All of this, of course, is exactly the sort of thing leftists assured us (pre-Obergefell) was a crazed fantasy, “scaremongering” by “wingnuts” to raise money for rightwing politicians.

It hasn’t even been a year since Obergefell.

It is not necessary to infringe the rights of homosexuals to protect the privacy of women and little girls in a bathroom (though note well how quickly the left tosses the right to privacy when it doesn’t involve killing a baby). If the left’s logic in the Oregon bakers’ case were applied consistently, Muslims would be forced to serve pork (not gonna happen) and Holocaust survivors would be forced to cater Klan rallies (more likely than the former). Nathan Deal and the Disney Company would (logically speaking) force Mosques to hire NAMB missionaries and MoveOn.org to hire Newt Gingrich and Sean Hannity.

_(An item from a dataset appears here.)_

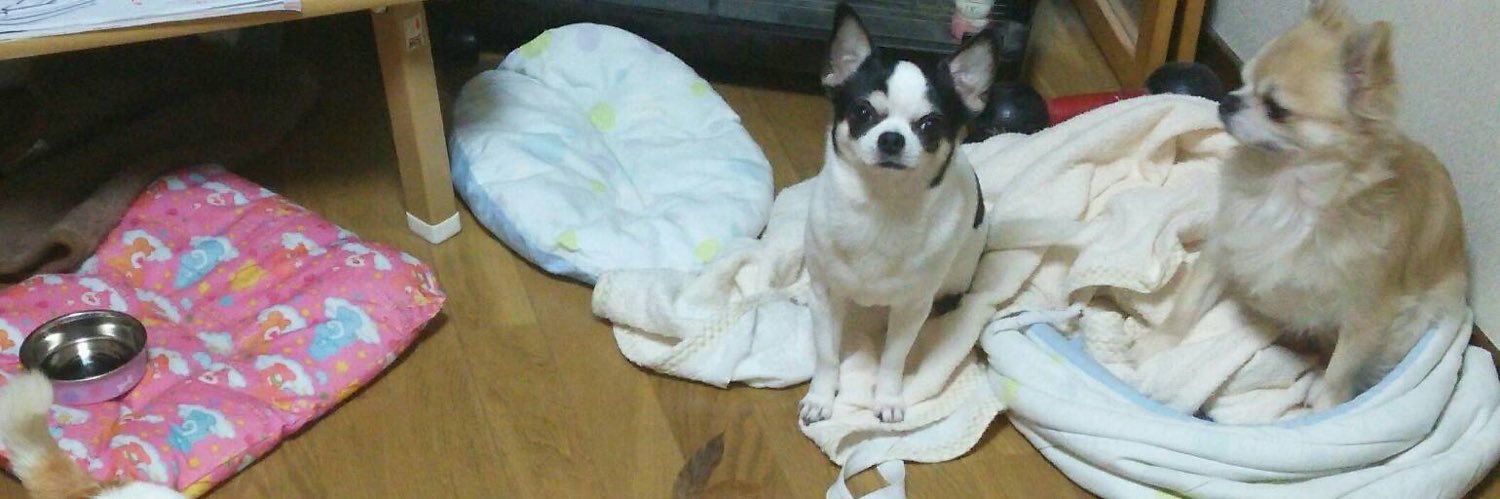 もっちゃん banner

But of course none of those things will happen. The target of the left’s agenda is perfectly clear.

It’s you.

A lot of very pious pastors, especially some of the younger ones, vocally eschew any sort of political involvement, for themselves or for their flocks. But those preachers who think political involvement distasteful are increasingly condemning their flocks to persecution.

They need to snap out of it now, because they’re quickly losing the option to do so.

Some of these gentlemen claim loudly to be ready for martyrdom: jail or whatever may come. I applaud them for that.

But I would respectfully suggest that their families, their churches, and all the rest of humanity might be better served if they were just a bit less ready.

Perhaps a bit less respectfully, I suspect that many of them, having been lazy in liberty, will knuckle under to oppression without a whimper.

It’s all fine to talk bravely about going to jail for your faith. How much better, though, to act bravely before wives and churches are left behind without incomes, or faithful shepherds?

The first duty of those shepherds is to protect their flocks. It is not to tremble for their tax statuses or wait to be eaten by the wolves.